> _How to complete this task_
An exact restatement of the entire listing is needed, excluding all images.

> _Information supplied_
_ _ _ _ _

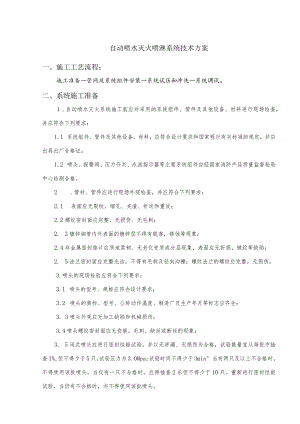 自动喷水灭火喷淋系统技术方案.docx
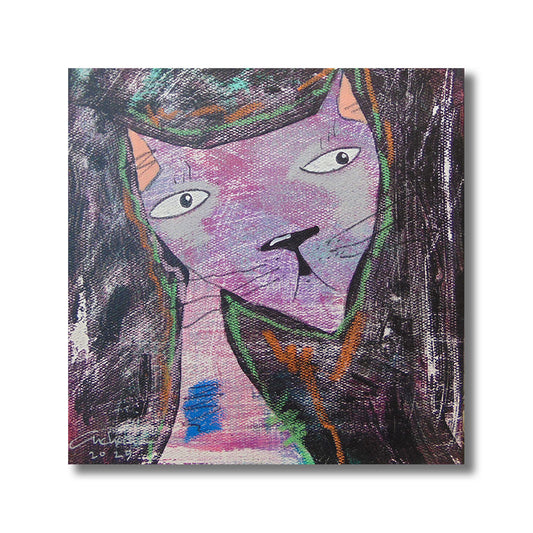 CHANTANA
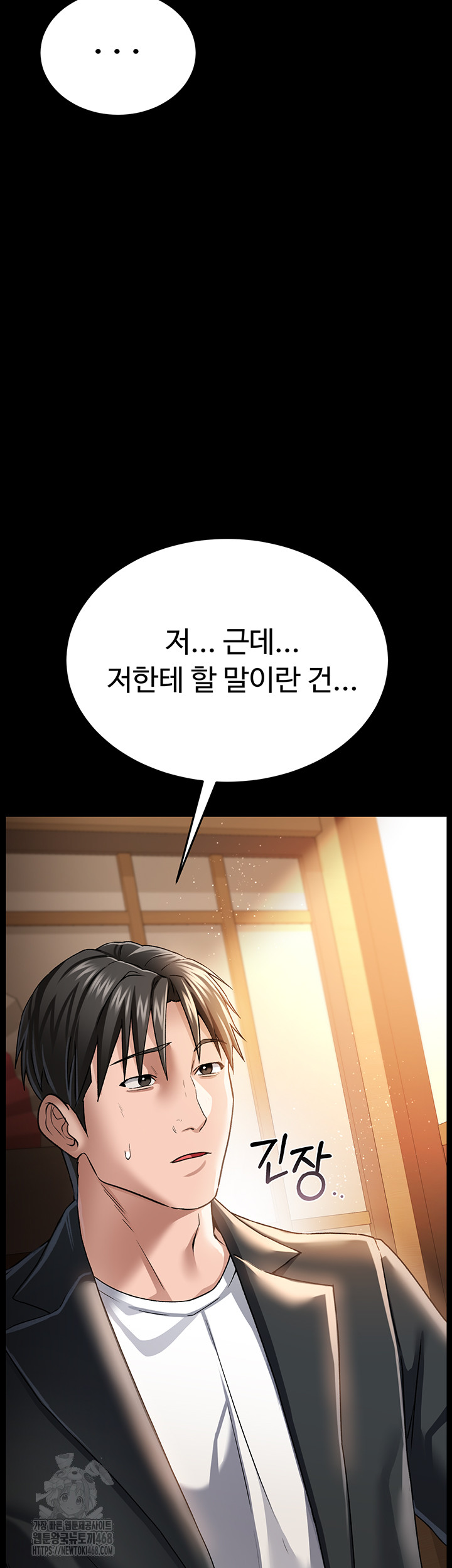 18+ A Dangerous Deal and The Girl Next Door Raw Chapter 10 page 31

_ _ _ _ _

> _Solution to the problem_
 自动喷水灭火喷淋系统技术方案.docx
 CHANTANA
 18+ A Dangerous Deal and The Girl Next Door Raw Chapter 10 page 31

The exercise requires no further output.